Frage: Jamie, surreale neun Mal in Folge haben Sie nun die X-Games gewonnen. Das ist nicht mal Tony Hawk gelungen. Welcher war Ihr schönster X-Games-Triumph?
Jamie Bestwick: Das kann nur der aus dem Jahr 2000 sein. Es war meine erste Goldmedaille überhaupt. Die Dramaturgie des Rennens war einmalig. Es war ein heißer, sonniger Tag und das Finale lief auf zwei Piloten auf dem Zenit ihrer Fähigkeiten hinaus. Dave Mirra war seit Jahren ungeschlagen und hatte einen Mega-Run, doch am Ende konnte ich dieses einmalige Kopf-an-Kopf-Rennen für mich entscheiden. Es war definitiv der am härtesten erkämpfte Sieg und deshalb bleibt er immer ein Teil von mir.
Frage: Danny MacAskill, in diesem Jahr für den Laureus-Action-Award nominiert, wird neben seinen unglaublichen Fähigkeiten auf dem Bike vor allem auf Basis seiner starken Social-Media-Präsenz gehypt. Wie war das zu Ihrer Zeit?
Bestwick: Als ich anfing, gab es sowas wie soziale Medien gar nicht. Facebook, Instagram und Co. waren noch gar nicht erfunden. Wenn dann gab es mal eine VHS oder ein Foto von mir in einem Magazin. Das macht schon einen großen Unterschied. Trotzdem ist das, was MacAskill macht, großartig. Er hat die Kunst des bloßen Mountainbike-Fahrens in eine geografische Erlebnistour verwandelt. Der Kerngedanke bleibt bei ihm aber der gleiche wie bei mir: Geh raus und hab Spaß mit deinem Bike!
Frage: Das BMX-Feuer lodert auch nach 30 Jahren noch in Ihnen. Was ist Ihr Geheimnis?
Bestwick: Englischer Tee! Meine Mum schickt mir das in Massen (lacht). Ich liebe einfach den Fortschritt des Sports und mit dieser Entwicklung möchte ich Schritt halten. Dieses Pre-Contest-Gefühl, diese Aufregung, macht absolut abhängig. Und das hält auch mein Feuer für den Sport stetig am Leben.
Frage: Mittlerweile sind Sie 43. Da muss doch noch mehr hinterstecken...
Bestwick: Heute früh bin ich um sieben aufgestanden, um vor meinen Pflichten, die in einem Leben als Laureus-Botschafter so anfallen, noch mal ins Gym zu gehen. Warum ich das tue? Weil ich den BMX-Sport und wirklich alles, was dazu gehört, liebe. Und wenn das heißt, dass ich um sieben Uhr morgens aufstehen muss, dann ist das halt so. Ich will sehen, was für mich möglich ist auf dem Bike.
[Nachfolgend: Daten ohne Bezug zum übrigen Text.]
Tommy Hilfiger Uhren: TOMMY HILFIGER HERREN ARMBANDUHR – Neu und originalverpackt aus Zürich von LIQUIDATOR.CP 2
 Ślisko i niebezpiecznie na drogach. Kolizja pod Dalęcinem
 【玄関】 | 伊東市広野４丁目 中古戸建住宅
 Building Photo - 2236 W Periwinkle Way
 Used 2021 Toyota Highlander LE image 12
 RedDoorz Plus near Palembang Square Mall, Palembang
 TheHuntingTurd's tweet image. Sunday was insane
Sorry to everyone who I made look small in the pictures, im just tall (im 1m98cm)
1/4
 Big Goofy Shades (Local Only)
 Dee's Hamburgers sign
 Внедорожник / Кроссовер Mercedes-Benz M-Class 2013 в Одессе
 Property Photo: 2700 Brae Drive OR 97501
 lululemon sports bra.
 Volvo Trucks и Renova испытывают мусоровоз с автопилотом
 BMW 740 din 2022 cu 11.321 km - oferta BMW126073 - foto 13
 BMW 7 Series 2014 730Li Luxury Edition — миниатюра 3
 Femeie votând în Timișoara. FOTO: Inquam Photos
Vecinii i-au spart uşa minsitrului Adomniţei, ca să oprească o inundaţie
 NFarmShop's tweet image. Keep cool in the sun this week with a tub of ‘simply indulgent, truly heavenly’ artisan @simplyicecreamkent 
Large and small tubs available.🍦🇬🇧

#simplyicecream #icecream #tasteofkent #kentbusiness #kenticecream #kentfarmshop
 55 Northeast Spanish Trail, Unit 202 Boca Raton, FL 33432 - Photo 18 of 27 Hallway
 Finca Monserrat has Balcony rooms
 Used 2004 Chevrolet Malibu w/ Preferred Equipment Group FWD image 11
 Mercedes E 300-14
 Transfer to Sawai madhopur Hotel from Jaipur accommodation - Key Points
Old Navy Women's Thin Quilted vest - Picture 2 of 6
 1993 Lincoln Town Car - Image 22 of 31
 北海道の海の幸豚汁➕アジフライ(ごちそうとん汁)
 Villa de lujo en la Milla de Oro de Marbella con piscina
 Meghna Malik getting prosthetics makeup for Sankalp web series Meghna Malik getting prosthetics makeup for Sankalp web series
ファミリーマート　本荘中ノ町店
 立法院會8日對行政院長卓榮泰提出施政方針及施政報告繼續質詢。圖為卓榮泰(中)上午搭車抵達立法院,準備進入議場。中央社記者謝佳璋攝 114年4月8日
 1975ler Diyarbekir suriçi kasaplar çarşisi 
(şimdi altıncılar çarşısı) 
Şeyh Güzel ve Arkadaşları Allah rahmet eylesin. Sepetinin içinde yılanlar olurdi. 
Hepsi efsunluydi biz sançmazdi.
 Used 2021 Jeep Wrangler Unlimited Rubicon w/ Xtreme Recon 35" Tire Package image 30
Jeden Schweißtropfen investiere ich dafür gern. Es macht mich glücklich.
Frage: Hatten Sie je eine Verletzung, die Ihre Karriere ernsthaft gefährdet hat?
Bestwick: Oh ja, die hatte ich. Ich hatte eine ernsthafte Wirbelsäulenverletzung 2006. Es löste sich die Bandscheibe zwischen den Wirbeln C5 und C6. Für eine Notoperation musste ich ins Krankenhaus und der Doktor machte unmissverständlich klar: "There is no more bike ride for you".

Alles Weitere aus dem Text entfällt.